Vom Geist der Verfassung

Es trat ans Pult: Dieter Mronz. Der Alt-Oberbürgermeister von Bayreuth sprach viel von geschischte, von den Umständen damals, zur Stunde Null. Viel Geschichte. Allerdings: Dieter Mronz brachte diese Geschichte gut in die Gegenwart. Einfach, indem er einzelne Artikel der Verfassung vortrug. Und in der Gegenwart widerhallen ließ. Wofür Geld da ist, was die Verfassung zu Menschen sagt, die als Vertriebene Sicherheit suchen, sehr eindrucksvoll dort, wo die Verfassung etwas zum Zweck der Schule sagt: nicht nur Wissen und Können, auch Herz und Charakter solle sie bilden. Ach? Ach!

Mronz, vielleicht war es auch einfach der Text der Verfassung, schuf mit wenigen Worten einen Resonanzraum. Man horchte hinein, in diese Worte eines Hoegner. Was für eine Sternstunde der bayerischen Sozialdemokraten. Doch was ist davon übriggeblieben, also: von der Verfassung? Von diesen weisen Worten, die aufrechte Menschen, quer durch die damaligen Parteien, vereint durch die fürchterlichen Erfahrungen unter Hitler, fanden?
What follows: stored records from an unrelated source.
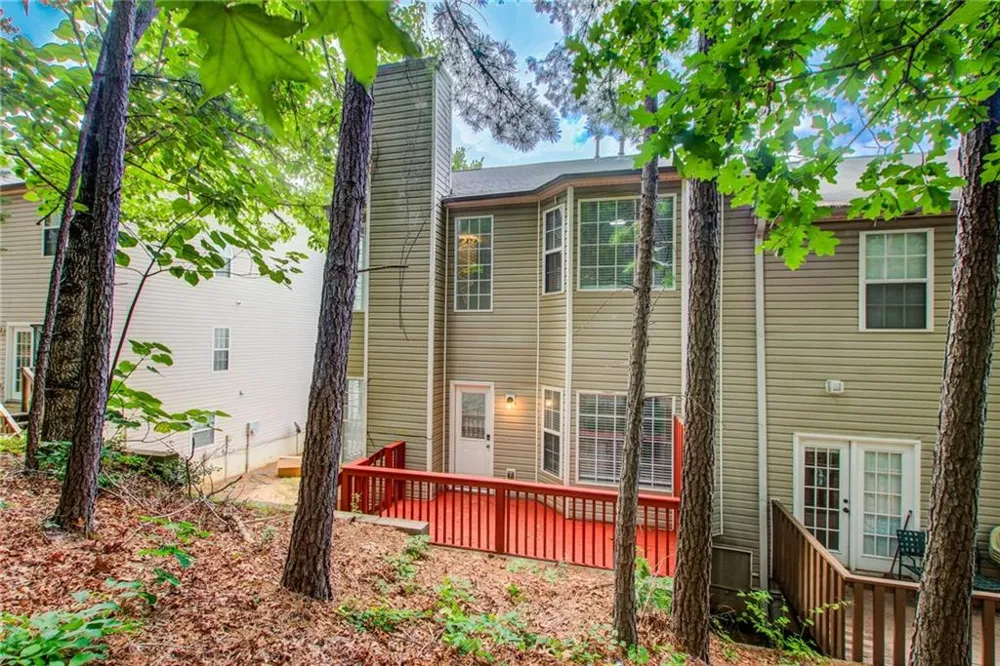 2470 Stonegate Drive NW Acworth, GA 30101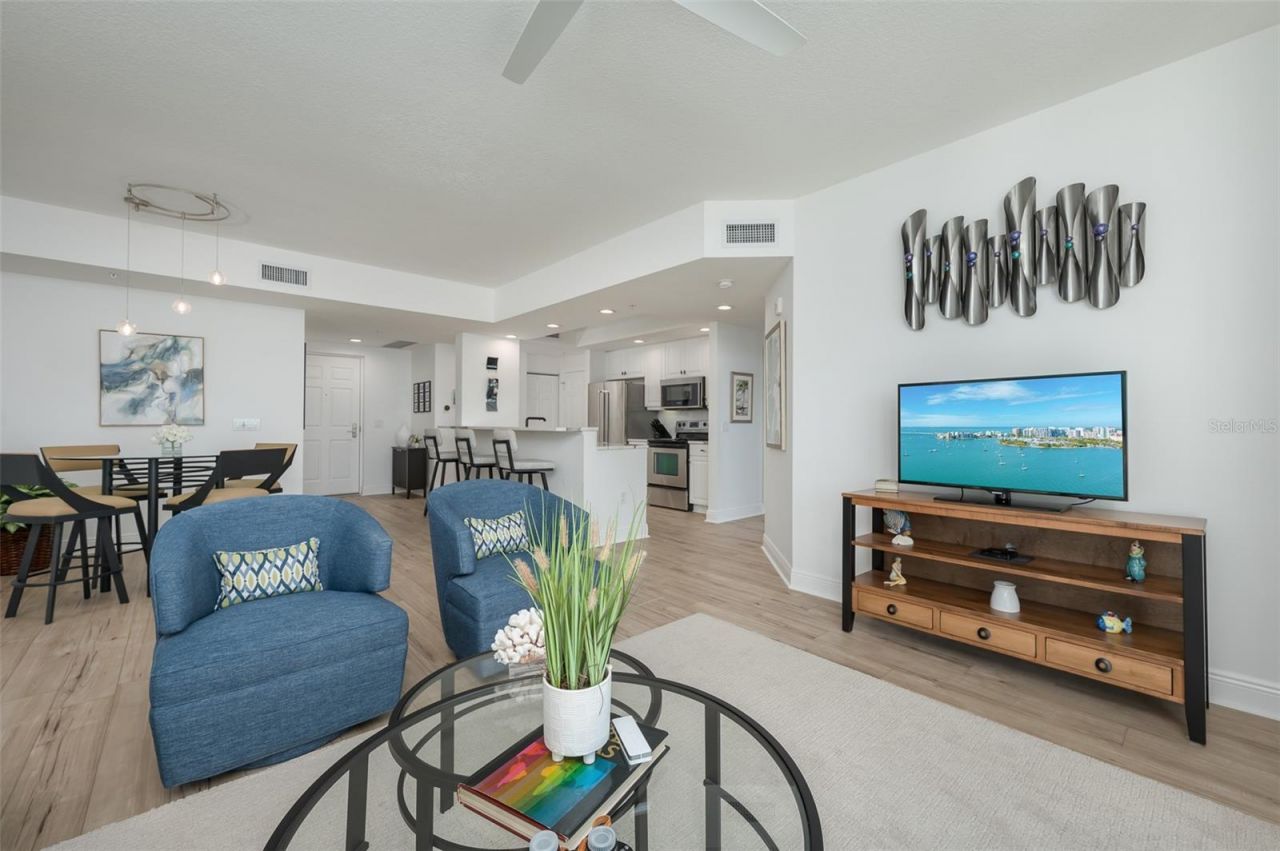 800 N Tamiami Trail, Unit 815, Sarasota, FL 34236 Photo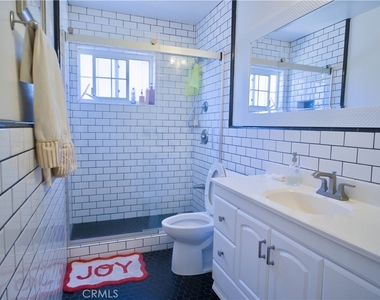 1312 Durham Street - Photo Thumbnail 7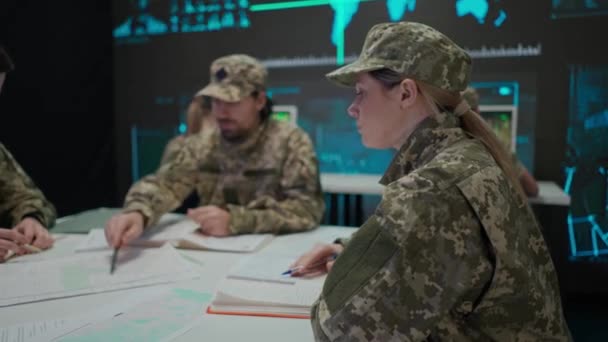 Orduda Teknoloji Iletişim Bir Grup Güvenlik Ekibi Kontrol Merkezinde Askeri — Stok video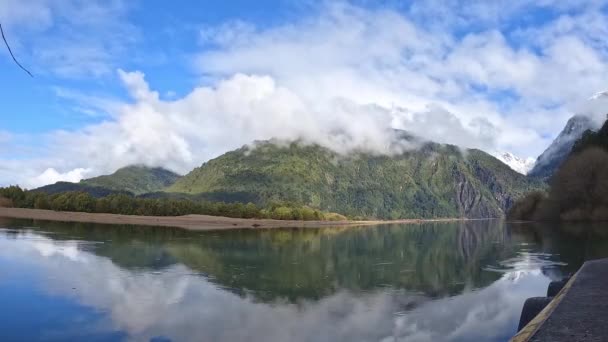 Timelapse Passage Van Wolken Natuur Verdamping Wolkenvorming Lake Puelo Patagonië — Stockvideo
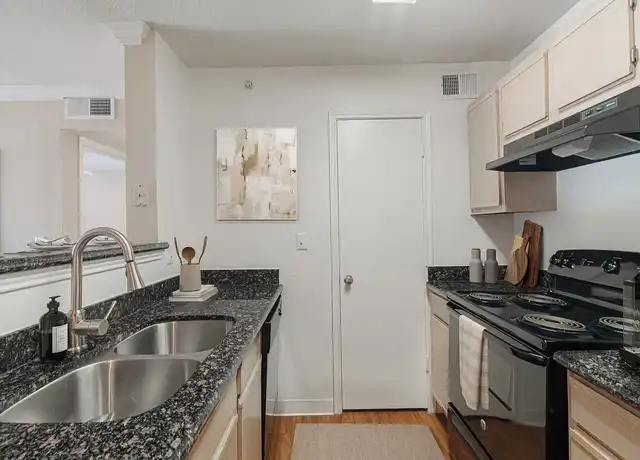 Property at Medical Center Apartments - 5055 Von Scheele Dr, San Antonio, TX, 78229, 1-3 bed, 1-2 bath, [object Object]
Mronz erzählte viel davon, von den Bayreuther Sozialdemokraten etwa, die es wagten, Hitler zu kritisieren. Aber auch von der Bestürzung der jungen Generation in der Nachkriegszeit, als "uns vollends und tiefschürfend die Augen geöffnet wurden". Die Verbrechen von Nazi-Deutschland, der Rückfall in schlimmste Barbarei, "das hat sich nicht alles in der Steinzeit ereignet oder im finsteren Mittelalter", sagte Mronz. "Man kann's nicht fassen."

Pflichtlektüre Verfassung

Die bayerische Verfassung steht für den Neuanfang. Es lohnt, sich ihrer anzunehmen. Jeder Schüler bekommt den Text der Verfassung in die Hand gedrückt. Doch wer hat sie gelesen?

Viel ist von Politikverdrossenheit zu hören und zu lesen. Die Verfasssungsfeier aber war bestens besucht, der Glenk-Saal überfüllt. Muss doch ein gutes Zeichen sein, wenn die Menschen sich dafür interessieren. Damals in der Kälte, heute im Glenk-Saal. Im Sonnenschein und im Schatten, wie es ein irisches Lied sagt. Wäre halt schön, wenn sich nach den Festtagsreden noch mehr Menschen daran erinnerten. Gescheiteres darüber, wie ein Gemeinwesen zu ordnen sei, hat man seit dem kalten Dezember 1946 nicht mehr gehört. Hoegner und seine Mitstreiter hatten Argumente, die zeitlos zählen. So war's ein guter Feiertag, auch ohne Blaumachen.